Sans la jonction des deux causes (art. 70 LPA) dans le dispositif du jugement du TAPI, ils n'auraient pas participé à la suite de la procédure A/3168/2018 devant la chambre de céans.

L'art. 73 al. 2 LPA ne modifie pas ce qui précède, les époux WAHL et l'Ermitage n'étant pas parties à la procédure A/3168/2018 en première instance.

C'est en conséquence à tort que les époux WAHL et l'Ermitage ont été invités à se prononcer sur le recours devant la chambre de céans, ont pu déposer des écritures et participer à l'audience alors même qu'ils admettaient, par l'absence de recours, ne pas avoir la qualité de partie au sens de l'art. 7 LPA, conformément à ce qu'avait retenu le TAPI.
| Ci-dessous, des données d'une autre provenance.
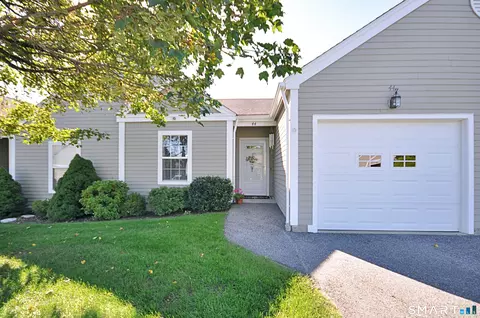 Exterior - 44 Elizabeth Cir #44, Sandy Hook, CT 06482 photo 1 of 5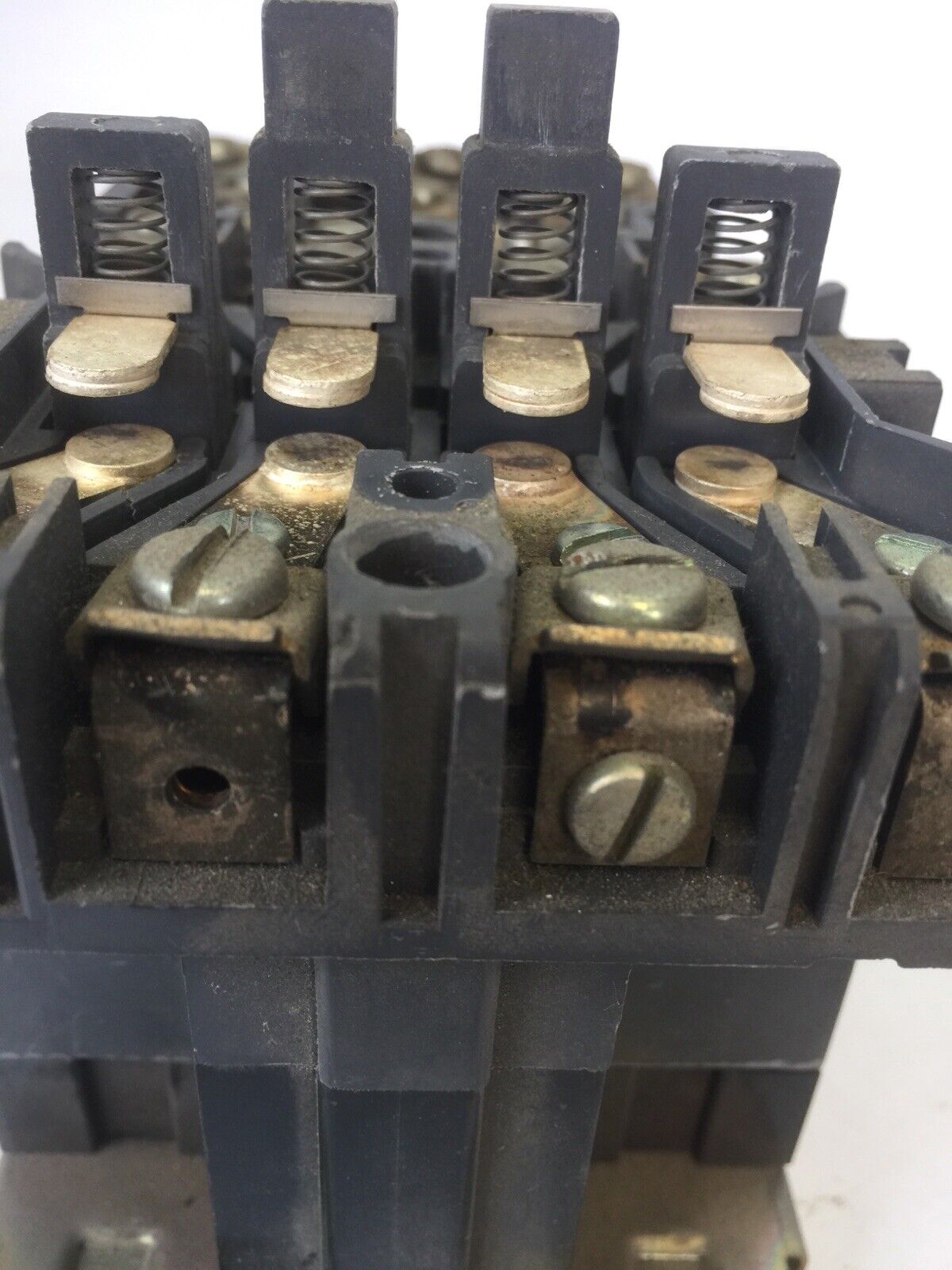 WESTINGHOUSE A200M1CX SIZE 1 STARTER 27A 600VAC 10HP 276A143G09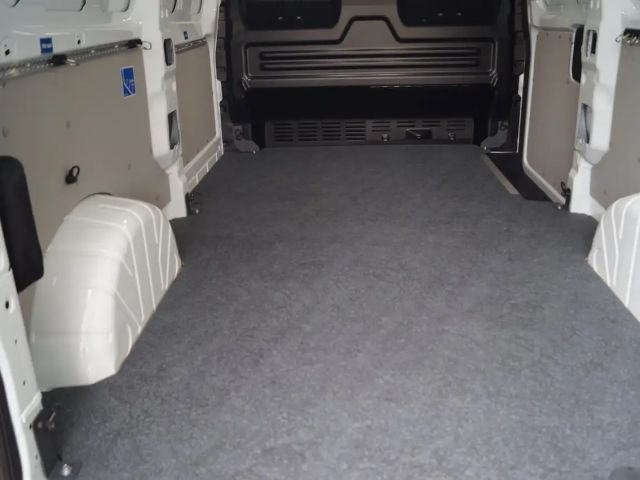 Volkswagen Transporter Lang T7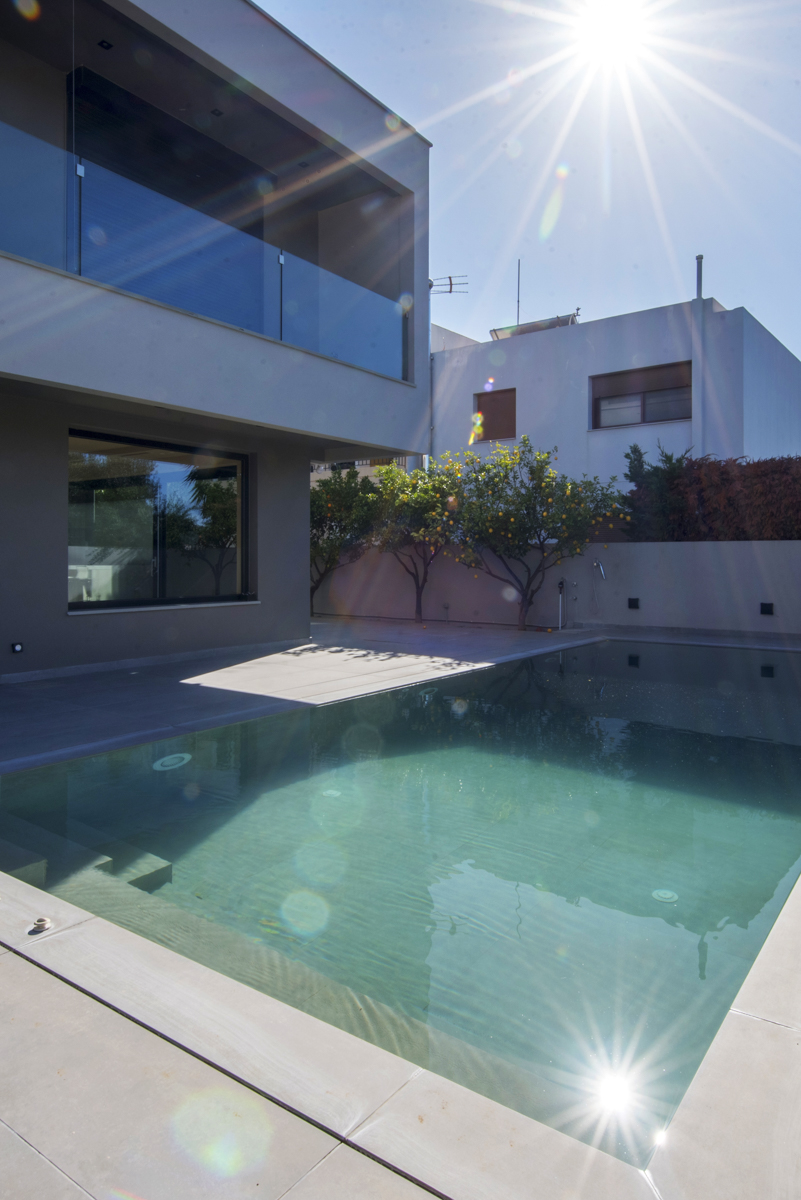 Poll House, Vari | XIX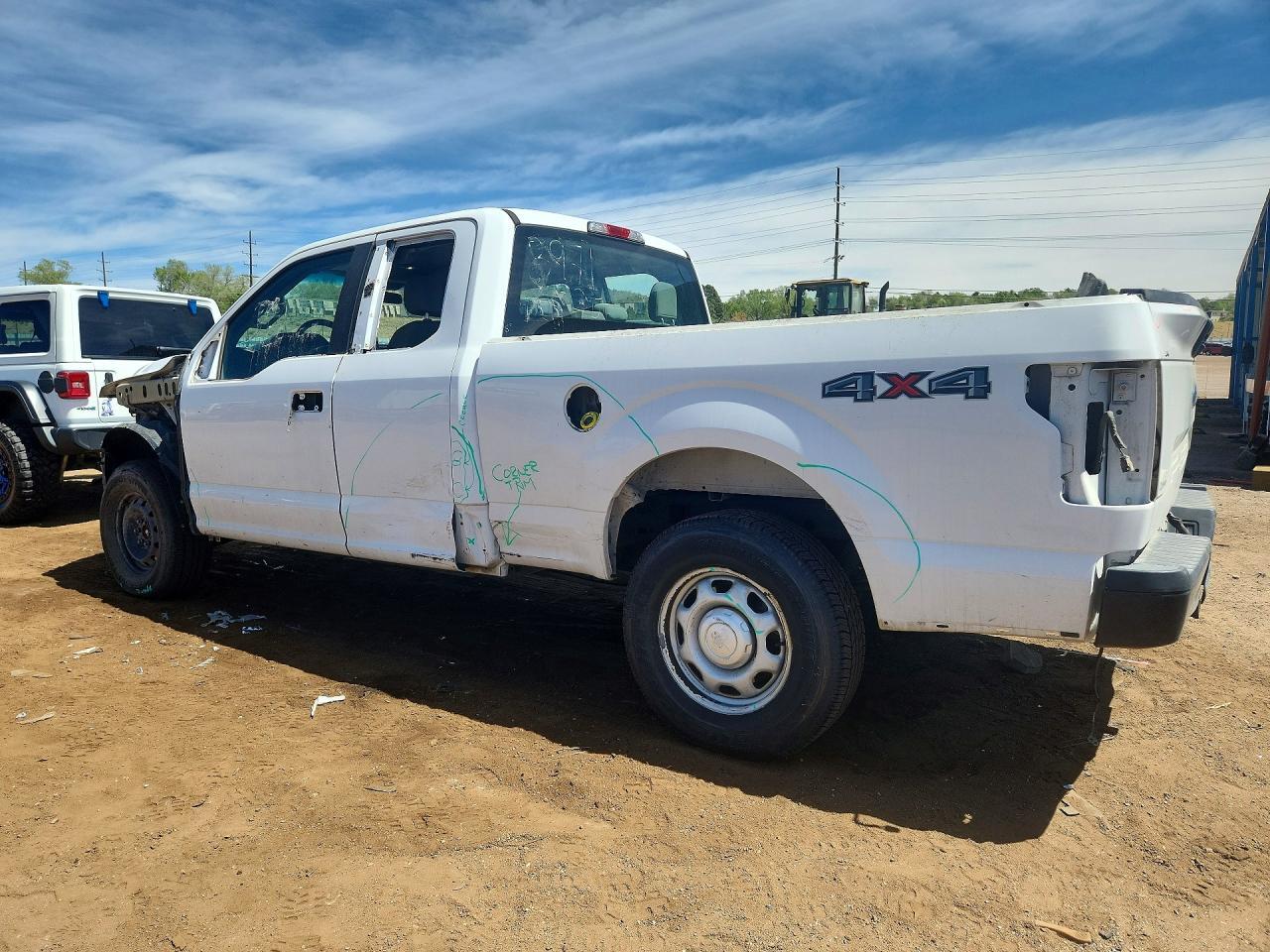 2018 Ford F150 Super Cab - Фото 2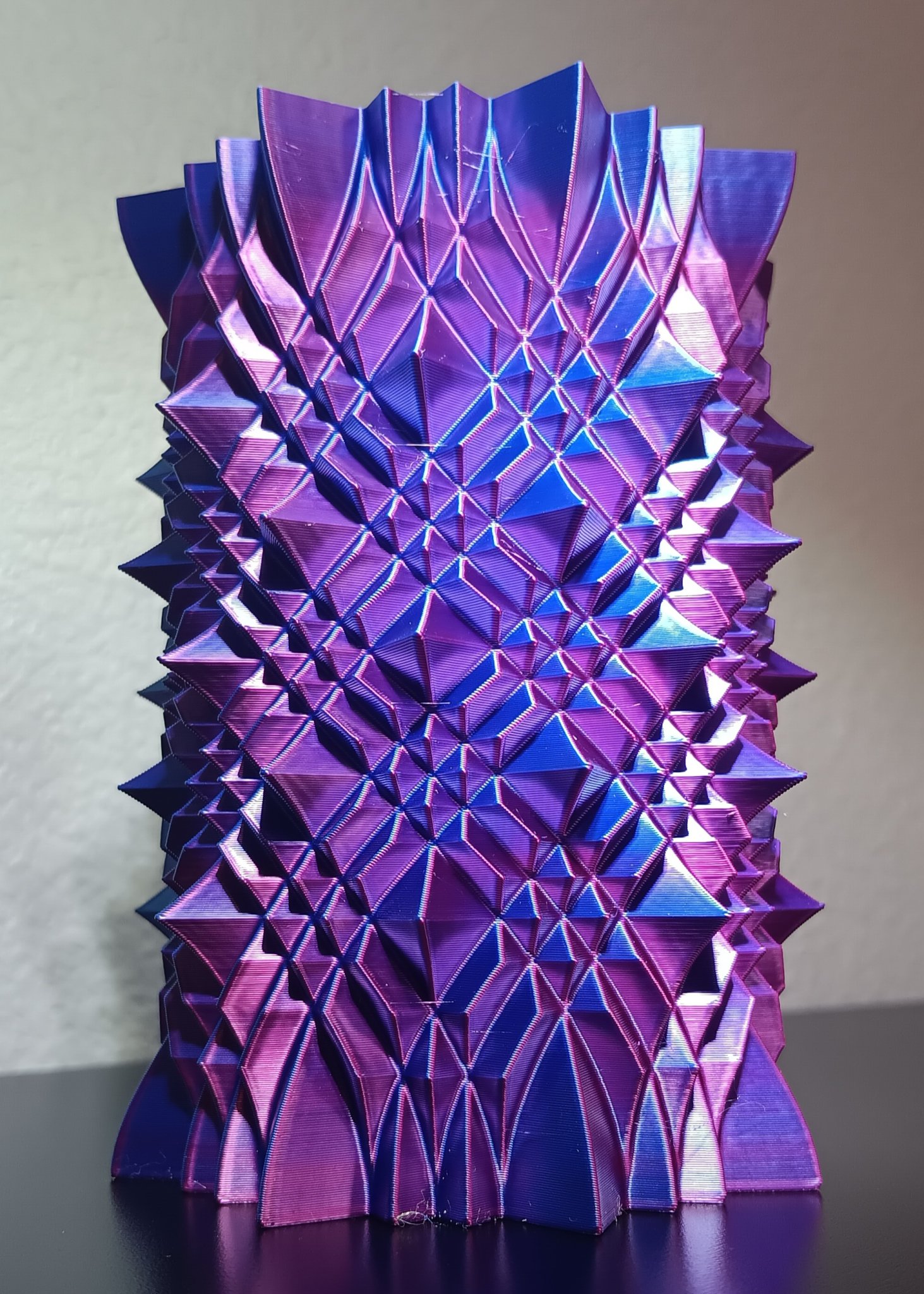 Cốc bút với gai nhọn bảo vệ không cho chạm vào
Vu l'irrecevabilité du présent recours, cette informalité est sans conséquence, sous la réserve qui suit.

6) Vu l'issue du litige, un émolument de CHF 1'000.- sera mis à la charge de la recourante (art. 87 al. 1 LPA). Une indemnité de procédure de CHF 1'000.- sera allouée à Pro Natura, à la charge de la recourante (art. 87 al. 2 LPA). Il ne sera pas alloué d'indemnité de procédure aux époux WAHL et l'Ermitage au vu de leur absence de qualité de parties.

* * * * *

PAR CES MOTIFS
LA CHAMBRE ADMINISTRATIVE

déclare irrecevable le recours interjeté le 9 septembre 2019 par Implenia Suisse SA contre le jugement du Tribunal administratif de première instance du 2 juillet 2019 ;

met un émolument de CHF 1'000.- à la charge d'Implenia Suisse SA ;

alloue une indemnité de procédure de CHF 1'000.- à Pro Natura Genève, à la charge d'Implenia Suisse SA ;

dit que, conformément aux art. 82 ss de la loi fédérale sur le Tribunal fédéral du 17 juin 2005 (LTF - RS 173.110), le présent arrêt peut être porté dans les trente jours qui suivent sa notification par-devant le Tribunal fédéral, par la voie du recours en matière de droit public ; le mémoire de recours doit indiquer les conclusions, motifs et moyens de preuve et porter la signature du recourant ou de son mandataire ; il doit être adressé au Tribunal fédéral, 1000 Lausanne 14, par voie postale ou par voie électronique aux conditions de l'art. 42 LTF. Le présent arrêt et les pièces en possession du recourant, invoquées comme moyens de preuve, doivent être joints à l'envoi ;

communique le présent arrêt à Me Jean-Marc Siegrist, avocat de la recourante, à Me Alain Maunoir, avocat de Pro Natura Genève, à Me Olivier Wehrli, avocat de Mme et M. WAHL et de l'Ermitage de la Boucle SA, au département du territoire - OAC, ainsi qu'au Tribunal administratif de première instance.

Siégeant : Mme Payot Zen-Ruffinen, présidente, MM. Verniory et Mascotto, juges.


 

Au nom de la chambre administrative :

le greffier-juriste :

 

 

F. Scheffre

 

 

la présidente siégeant :

 

 

F. Payot Zen-Ruffinen

Copie conforme de cet arrêt a été communiquée aux parties.